(Items listed in a dataset)

══════════

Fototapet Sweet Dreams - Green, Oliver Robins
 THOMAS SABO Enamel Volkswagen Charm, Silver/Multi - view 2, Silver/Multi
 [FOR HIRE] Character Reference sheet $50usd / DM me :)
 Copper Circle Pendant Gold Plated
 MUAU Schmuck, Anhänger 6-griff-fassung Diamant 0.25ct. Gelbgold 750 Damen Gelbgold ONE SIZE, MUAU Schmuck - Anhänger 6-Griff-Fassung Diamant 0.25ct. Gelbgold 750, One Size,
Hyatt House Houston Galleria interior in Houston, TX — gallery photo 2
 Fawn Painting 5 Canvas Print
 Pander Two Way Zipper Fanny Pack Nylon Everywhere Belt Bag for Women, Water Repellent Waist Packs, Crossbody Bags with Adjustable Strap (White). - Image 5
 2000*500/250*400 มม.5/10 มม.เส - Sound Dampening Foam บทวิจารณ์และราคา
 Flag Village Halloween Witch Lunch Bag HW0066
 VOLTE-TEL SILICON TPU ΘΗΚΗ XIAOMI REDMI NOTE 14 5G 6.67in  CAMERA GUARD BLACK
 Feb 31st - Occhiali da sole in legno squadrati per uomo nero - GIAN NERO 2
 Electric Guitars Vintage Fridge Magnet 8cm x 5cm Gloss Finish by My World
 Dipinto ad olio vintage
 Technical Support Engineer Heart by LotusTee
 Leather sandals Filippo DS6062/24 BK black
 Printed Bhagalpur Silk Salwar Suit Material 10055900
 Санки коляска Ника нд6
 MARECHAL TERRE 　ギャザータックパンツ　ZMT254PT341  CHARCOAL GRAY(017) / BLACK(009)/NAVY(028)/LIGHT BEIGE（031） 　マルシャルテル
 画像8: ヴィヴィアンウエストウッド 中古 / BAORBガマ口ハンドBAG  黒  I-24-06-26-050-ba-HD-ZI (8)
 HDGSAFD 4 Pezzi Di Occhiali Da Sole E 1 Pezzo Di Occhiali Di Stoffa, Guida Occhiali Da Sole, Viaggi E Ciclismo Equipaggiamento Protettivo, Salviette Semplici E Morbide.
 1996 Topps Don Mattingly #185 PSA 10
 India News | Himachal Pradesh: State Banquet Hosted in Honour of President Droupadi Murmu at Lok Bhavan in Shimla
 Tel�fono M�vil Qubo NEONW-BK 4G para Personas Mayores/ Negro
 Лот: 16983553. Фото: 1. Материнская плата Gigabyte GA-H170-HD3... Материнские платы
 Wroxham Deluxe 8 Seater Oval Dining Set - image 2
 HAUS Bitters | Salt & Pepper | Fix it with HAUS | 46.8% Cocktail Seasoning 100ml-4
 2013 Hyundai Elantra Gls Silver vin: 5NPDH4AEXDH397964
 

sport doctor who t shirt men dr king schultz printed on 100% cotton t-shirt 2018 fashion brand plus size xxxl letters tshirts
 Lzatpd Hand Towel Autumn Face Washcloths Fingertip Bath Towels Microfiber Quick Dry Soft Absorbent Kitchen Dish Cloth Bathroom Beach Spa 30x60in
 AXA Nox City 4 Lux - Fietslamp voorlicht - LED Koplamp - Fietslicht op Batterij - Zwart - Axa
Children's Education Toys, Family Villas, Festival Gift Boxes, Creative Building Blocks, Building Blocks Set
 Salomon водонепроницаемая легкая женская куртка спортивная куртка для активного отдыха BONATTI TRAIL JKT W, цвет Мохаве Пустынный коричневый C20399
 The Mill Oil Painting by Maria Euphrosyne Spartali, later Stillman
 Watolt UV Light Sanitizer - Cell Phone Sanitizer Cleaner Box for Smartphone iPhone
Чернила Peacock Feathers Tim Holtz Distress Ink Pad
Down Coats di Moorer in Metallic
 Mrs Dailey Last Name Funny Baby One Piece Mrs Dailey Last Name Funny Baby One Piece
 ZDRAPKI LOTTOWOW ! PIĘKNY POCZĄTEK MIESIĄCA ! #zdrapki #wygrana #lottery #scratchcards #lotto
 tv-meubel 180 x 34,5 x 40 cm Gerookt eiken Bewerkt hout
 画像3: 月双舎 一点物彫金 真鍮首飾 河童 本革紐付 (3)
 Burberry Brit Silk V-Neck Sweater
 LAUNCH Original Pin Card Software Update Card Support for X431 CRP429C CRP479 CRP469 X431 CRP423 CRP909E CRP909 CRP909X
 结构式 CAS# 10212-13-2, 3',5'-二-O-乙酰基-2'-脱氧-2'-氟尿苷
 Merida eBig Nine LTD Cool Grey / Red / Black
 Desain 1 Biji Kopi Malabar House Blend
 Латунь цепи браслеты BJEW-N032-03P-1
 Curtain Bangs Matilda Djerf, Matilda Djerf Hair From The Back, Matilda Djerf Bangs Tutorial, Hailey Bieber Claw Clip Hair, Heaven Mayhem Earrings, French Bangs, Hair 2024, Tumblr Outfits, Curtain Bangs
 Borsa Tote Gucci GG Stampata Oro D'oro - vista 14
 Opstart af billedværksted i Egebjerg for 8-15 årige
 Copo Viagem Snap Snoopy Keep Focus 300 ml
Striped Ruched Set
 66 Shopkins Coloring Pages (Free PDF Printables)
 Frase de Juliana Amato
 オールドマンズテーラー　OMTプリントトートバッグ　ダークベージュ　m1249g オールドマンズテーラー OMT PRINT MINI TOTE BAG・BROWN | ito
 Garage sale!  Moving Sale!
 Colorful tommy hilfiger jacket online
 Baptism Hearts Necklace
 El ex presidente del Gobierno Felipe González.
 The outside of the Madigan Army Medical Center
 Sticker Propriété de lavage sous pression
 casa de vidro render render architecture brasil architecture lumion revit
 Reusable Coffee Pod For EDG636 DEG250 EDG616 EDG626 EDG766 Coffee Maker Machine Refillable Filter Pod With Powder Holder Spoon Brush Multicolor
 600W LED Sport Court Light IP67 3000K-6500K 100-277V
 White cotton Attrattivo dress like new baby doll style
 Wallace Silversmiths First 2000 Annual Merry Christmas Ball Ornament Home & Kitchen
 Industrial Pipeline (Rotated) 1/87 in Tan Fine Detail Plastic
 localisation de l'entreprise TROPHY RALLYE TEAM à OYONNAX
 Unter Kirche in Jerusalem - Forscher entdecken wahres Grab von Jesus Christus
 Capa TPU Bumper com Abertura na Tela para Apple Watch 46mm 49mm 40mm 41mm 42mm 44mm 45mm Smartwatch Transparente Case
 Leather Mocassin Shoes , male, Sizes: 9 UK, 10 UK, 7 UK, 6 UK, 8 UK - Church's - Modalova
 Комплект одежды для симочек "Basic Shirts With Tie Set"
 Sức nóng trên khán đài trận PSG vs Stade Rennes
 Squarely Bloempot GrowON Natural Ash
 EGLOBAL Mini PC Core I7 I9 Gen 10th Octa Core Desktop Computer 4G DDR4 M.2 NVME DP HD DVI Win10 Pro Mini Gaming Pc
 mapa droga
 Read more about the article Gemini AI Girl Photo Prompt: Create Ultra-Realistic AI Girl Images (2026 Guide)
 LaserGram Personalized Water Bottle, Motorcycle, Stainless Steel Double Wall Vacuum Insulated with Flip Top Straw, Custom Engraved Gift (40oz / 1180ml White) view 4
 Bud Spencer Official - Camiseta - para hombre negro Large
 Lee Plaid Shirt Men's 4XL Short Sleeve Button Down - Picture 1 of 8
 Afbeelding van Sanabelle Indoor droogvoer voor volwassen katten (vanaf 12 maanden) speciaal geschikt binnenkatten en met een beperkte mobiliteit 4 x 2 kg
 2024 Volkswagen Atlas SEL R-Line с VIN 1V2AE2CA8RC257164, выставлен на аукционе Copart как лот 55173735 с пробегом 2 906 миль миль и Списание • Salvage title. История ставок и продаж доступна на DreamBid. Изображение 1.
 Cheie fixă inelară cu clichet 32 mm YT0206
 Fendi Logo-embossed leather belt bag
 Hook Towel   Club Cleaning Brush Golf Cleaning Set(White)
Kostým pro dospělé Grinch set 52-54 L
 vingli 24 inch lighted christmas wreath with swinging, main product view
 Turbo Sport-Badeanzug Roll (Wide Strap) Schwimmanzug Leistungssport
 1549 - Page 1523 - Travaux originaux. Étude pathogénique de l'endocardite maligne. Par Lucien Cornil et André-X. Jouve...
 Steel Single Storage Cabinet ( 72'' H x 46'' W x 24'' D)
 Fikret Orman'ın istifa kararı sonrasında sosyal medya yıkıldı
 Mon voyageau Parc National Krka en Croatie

══════════

▶ [PROBLEM STATEMENT] Of the entries listed above, reproduce only the lines starting at the line containing "2000*500/250*400 มม.5/10 มม.เส" and ending at the line containing "Feb 31st - Occhiali". Include both, exactly as they stand.

▶ [RESPONSE TO THE EXERCISE]
 2000*500/250*400 มม.5/10 มม.เส - Sound Dampening Foam บทวิจารณ์และราคา
 Flag Village Halloween Witch Lunch Bag HW0066
 VOLTE-TEL SILICON TPU ΘΗΚΗ XIAOMI REDMI NOTE 14 5G 6.67in  CAMERA GUARD BLACK
 Feb 31st - Occhiali da sole in legno squadrati per uomo nero - GIAN NERO 2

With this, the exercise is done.